Chemical Science International Journal

Ethyl 2-chloroacetoacetate (CH₃C(O)CHClC(O)OCH₂CH₃, E2CAA) is a class of volatile organic compound that finds its place in the atmosphere from anthropogenic sources. However, its extensive presence in industrial processes raises concerns about its environmental impact. The present study focused on investigation of atmospheric oxidation of E2CAA initiated by Cl atom. The fate of these E2CAA is however poorly understood and scarcely taken into account in atmospheric chemistry modeling. The objective of this study is to unravel the reaction mechanism, thermodynamics, and kinetics by means of theoretical method.A comprehensive theoretical investigation was conducted to elucidate the mechanism, kinetics, and thermochemistry of the gas-phase reactions between E2CAA and Chlorine radical using the M06-2X functional.
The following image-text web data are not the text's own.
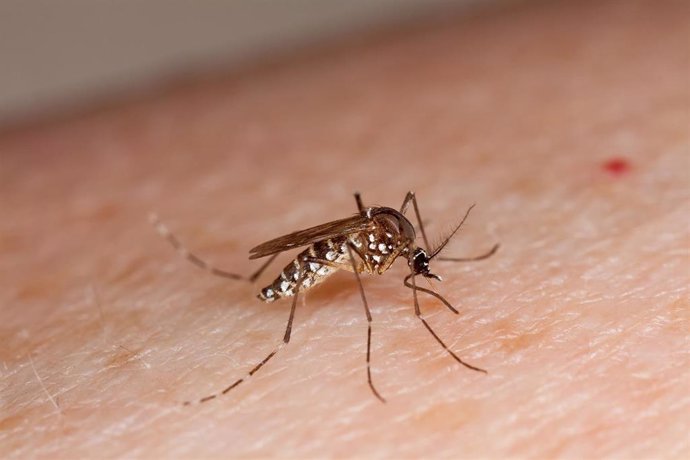Archivo - May 23, 2012 - Washington, United States of America - The mosquito Aedes aegypti mosquito on a persons skin. The mosquito can carry a variety of diseases and is behind the outbreak of Zika virus in Brazil.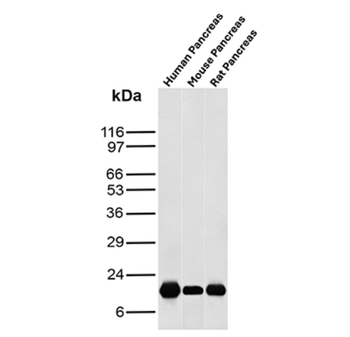 CLPS Antibody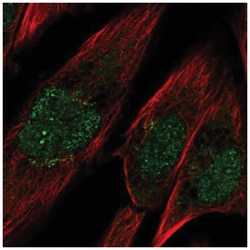 Protocadherin-10 Antibody, Novus Biologicals:Antibodies:Primary Antibodies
The most thermodynamically stable conformer of E2CAA was identified at ambient temperature. Four primary hydrogen abstraction pathways were characterized, each proceeding through the formation of a pre-reactive complex, indicating that the reactions follow an indirect hydrogen abstraction mechanism. Rate coefficients for reaction pathways were calculated for the first time over a temperature range of 250–450 K using Canonical Transition State Theory (CTST). Based on these kinetic results, the atmospheric lifetime of E2CAA was estimated to be approximately 2.68 days.